After news of the settlement broke, the organization's executive director, Alexander von Bismarck, cheered the action as a major step forward for protecting the environment.

"This is the first time that a major U.S. corporation is found guilty of a criminal felony for smuggling wood, related to violations of the U.S. Lacey Act," von Bismarck said in an interview with WBTV News. "It's a long time coming, and urgently needed to protect the U.S. consumer from unknowingly financing organized crime and the destruction of the last virgin forests on earth."

Lumber Liquidators issued a press release late Wednesday afternoon saying it had reached a settlement with federal prosecutors related to the charges.

Under the terms of the agreement, the company will pay a combined total of $10 million in fines and a $3.2 million payment in lieu of civil forfeiture.

John M. Presley, Chairman of the Board of Directors, commented, "We are pleased to reach this agreement and resolve a legacy issue related to the Lacey Act.  We will continue to focus on strengthening Lumber Liquidators across every area of the organization and executing on our value proposition to improve operational efficiencies and deliver value to our stakeholders."

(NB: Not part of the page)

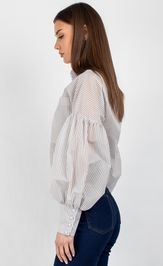 Blouse VIZAVI 745 sero‑golubaya poloska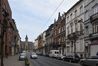 Rue de Fiennes, vue du dernier tronçon vers la place du Conseil, (© ARCHistory, 2019)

As part of its settlement with federal prosecutors, the company also agreed to implement an Environmental Compliance Plan to ensure compliance with environmental laws in the future.

During a rare interview in May 2014, the company's founder Tom Sullivan told reporters that the company was cooperating with the federal investigation and had nothing to hide.

A CBS News 60 Minutes investigation in March 2015 found the company's flooring contained increased levels of formaldehyde that violated California air quality standards.

Wednesday's settlement is unrelated to ongoing disputes over claims that Lumber Liquidators' flooring contains high levels of formaldehyde and violates some air quality standards. In its release, the company said it continues to cooperate with a number of regulatory agencies on that and other issues.

Customers across the country have filed class action lawsuits against the company claiming its flooring was defective or caused them to get sick.

In May, the company's CEO, Robert Lynch, abruptly resigned his position. Sullivan, Lumber Liquidators' founder, took over while a search for a permanent chief executive took place.